Olhou ao redor por um instante, pensando se levava mais alguma coisa além da capa, antes de sair do estábulo e caminhar no meio da chuva para a porta da estalagem, as botas de couro afundando na lama. Não se preocupou em recolocar o tecido marrom sobre seus ombros: já estava ensopado mesmo, mais um pouco de água não faria diferença.

Empurrou a porta devagar, vendo o salão cheio de homens e mulheres, contemplando uma jovem negra de olhos verdes com um vestido em tons de azul cantando os últimos versos da Canção de Nascimento; as peças que interpretavam o que era narrado evaporaram ao final, quando ela fez o fogo na lareira aumentar e ele terminou de fechar a porta. Sorriu discretamente com a qualidade das ilusões produzidas, que pareciam tão reais quanto as pessoas que assistiam a apresentação.

Einar admitia: só percebera se tratar de ilusões porque vira muitas, tanto quando treinara para ser da Guarda Real, como quando fora transformado num Cavaleiro-Monge. Era um controle quase tão preciso quanto o que os Monges possuíam.

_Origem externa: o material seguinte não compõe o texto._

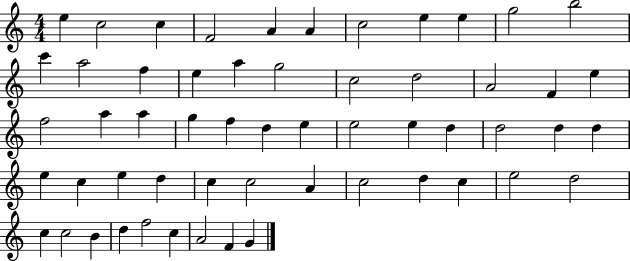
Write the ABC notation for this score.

X:1
T:Untitled
M:4/4
L:1/4
K:C
e c2 c F2 A A c2 e e g2 b2 c' a2 f e a g2 c2 d2 A2 F e f2 a a g f d e e2 e d d2 d d e c e d c c2 A c2 d c e2 d2 c c2 B d f2 c A2 F G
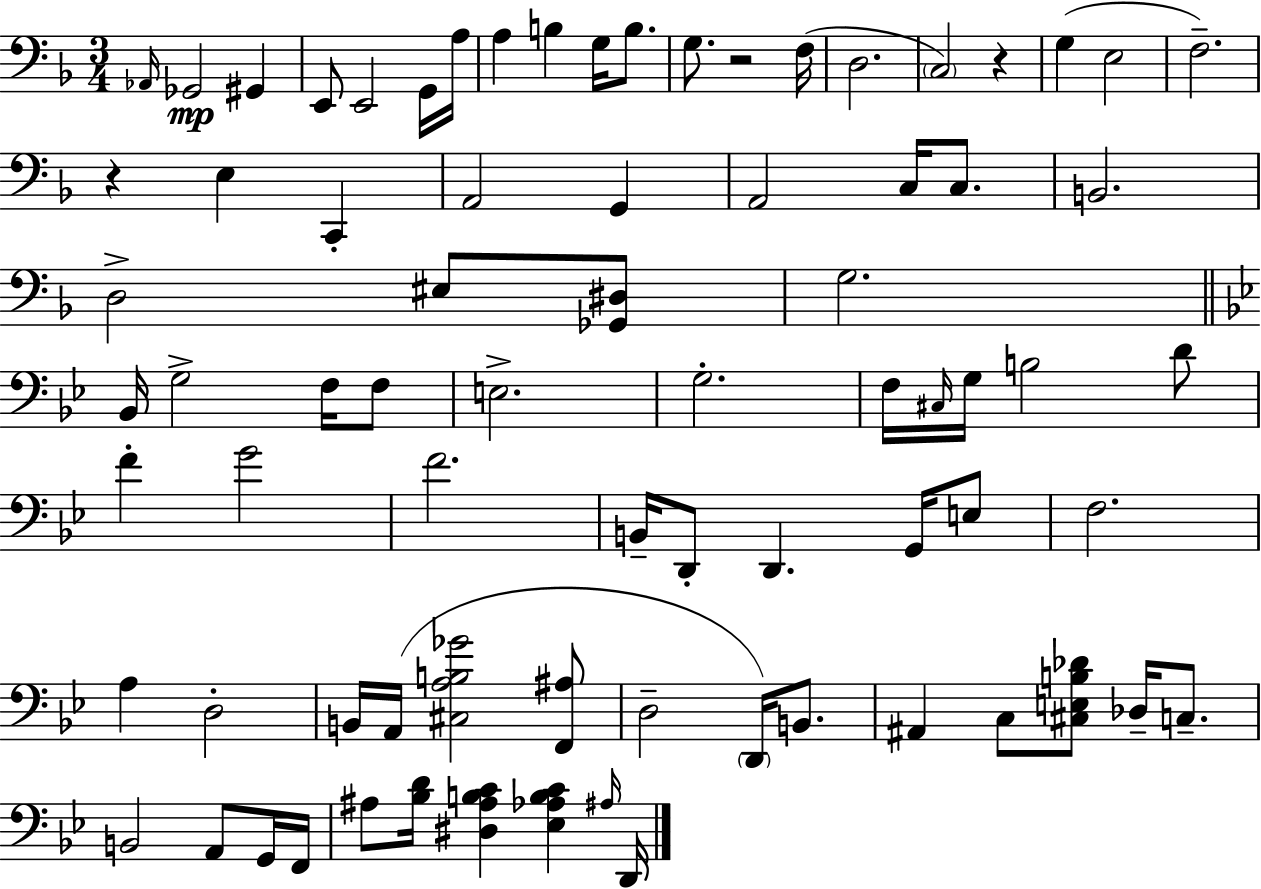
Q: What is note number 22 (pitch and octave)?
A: G2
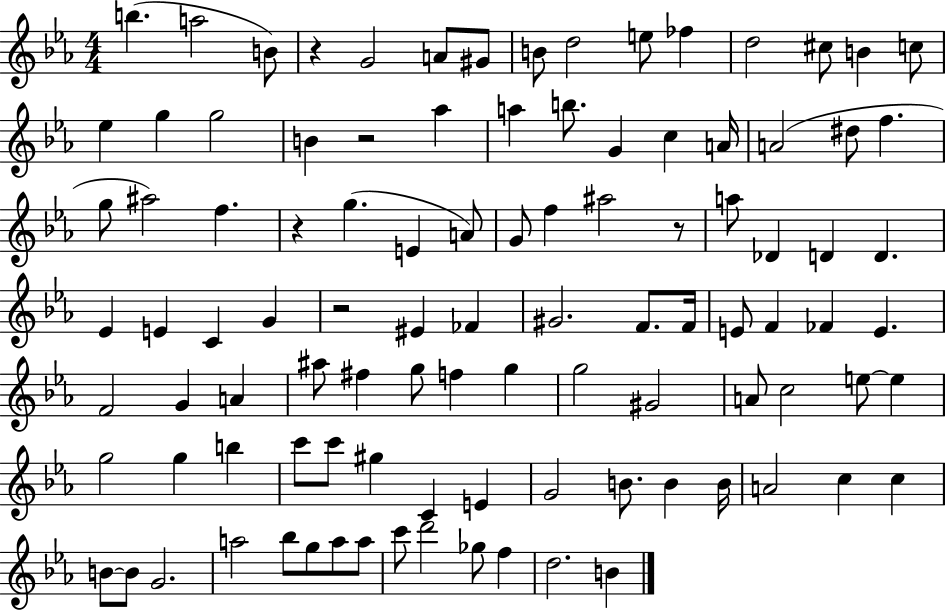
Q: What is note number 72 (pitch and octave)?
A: C6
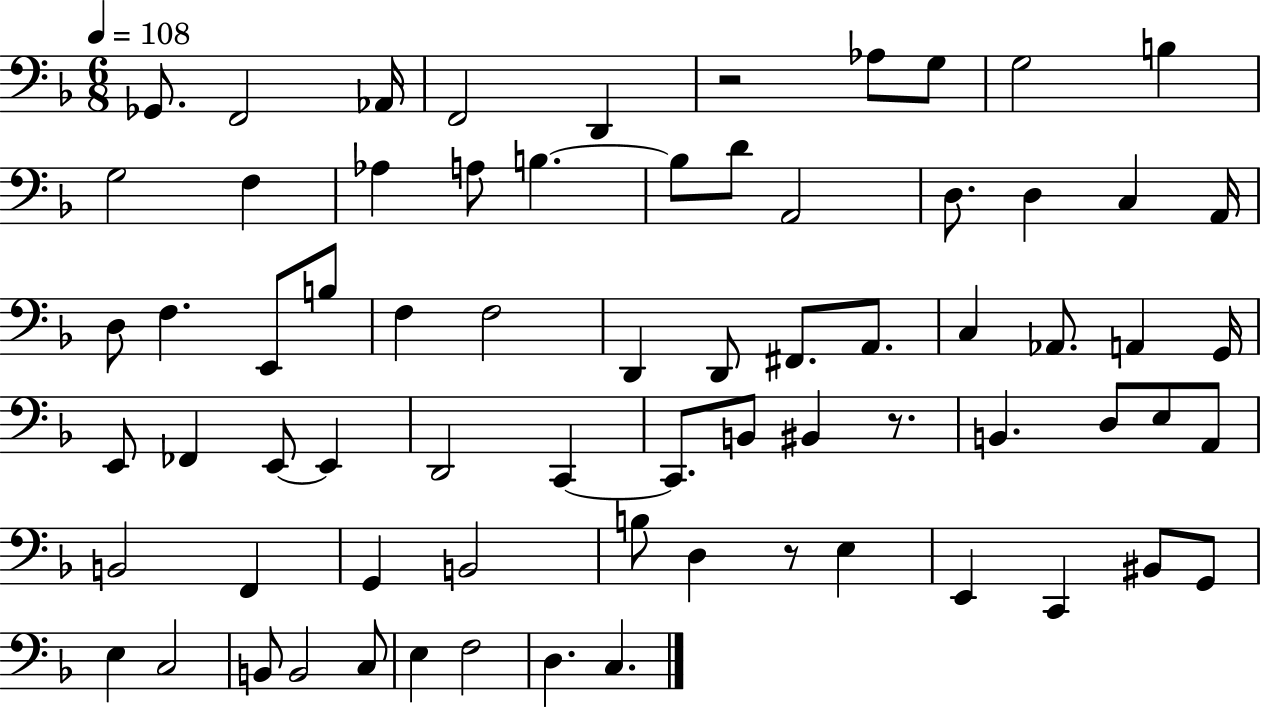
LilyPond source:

{
  \clef bass
  \numericTimeSignature
  \time 6/8
  \key f \major
  \tempo 4 = 108
  ges,8. f,2 aes,16 | f,2 d,4 | r2 aes8 g8 | g2 b4 | \break g2 f4 | aes4 a8 b4.~~ | b8 d'8 a,2 | d8. d4 c4 a,16 | \break d8 f4. e,8 b8 | f4 f2 | d,4 d,8 fis,8. a,8. | c4 aes,8. a,4 g,16 | \break e,8 fes,4 e,8~~ e,4 | d,2 c,4~~ | c,8. b,8 bis,4 r8. | b,4. d8 e8 a,8 | \break b,2 f,4 | g,4 b,2 | b8 d4 r8 e4 | e,4 c,4 bis,8 g,8 | \break e4 c2 | b,8 b,2 c8 | e4 f2 | d4. c4. | \break \bar "|."
}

As pessoas começaram a se levantar e a sair da estalagem ou subir para seus quartos. Os que passavam por ele para atravessar a porta, ameaçavam cumprimentá-lo, mas fechavam a boca com um estalo ao ver a cicatriz de ômega no meio de sua testa. Alguns, mais ousados, conseguiam acenar com a cabeça, embora olhassem para os pés. Quase todas as pessoas que encontrara nas últimas trezenas reagiam de modo pelo menos similar.

Aquela forma de agirem fez com que engolisse em seco, a garganta apertada. Sim, estava marcado como um ex-residente de Orichalcum, mas seu único crime fora não jurar lealdade aos Alzú’Frigl quando mataram todos à quem ele servira por sete longos anos. Procurou se consolar: aquelas pessoas, e todas as demais que encontrara desde que saíra do Mosteiro, não sabiam daquilo. Não o conheciam, não sabiam quem era. Viam apenas a marca de que era um traidor.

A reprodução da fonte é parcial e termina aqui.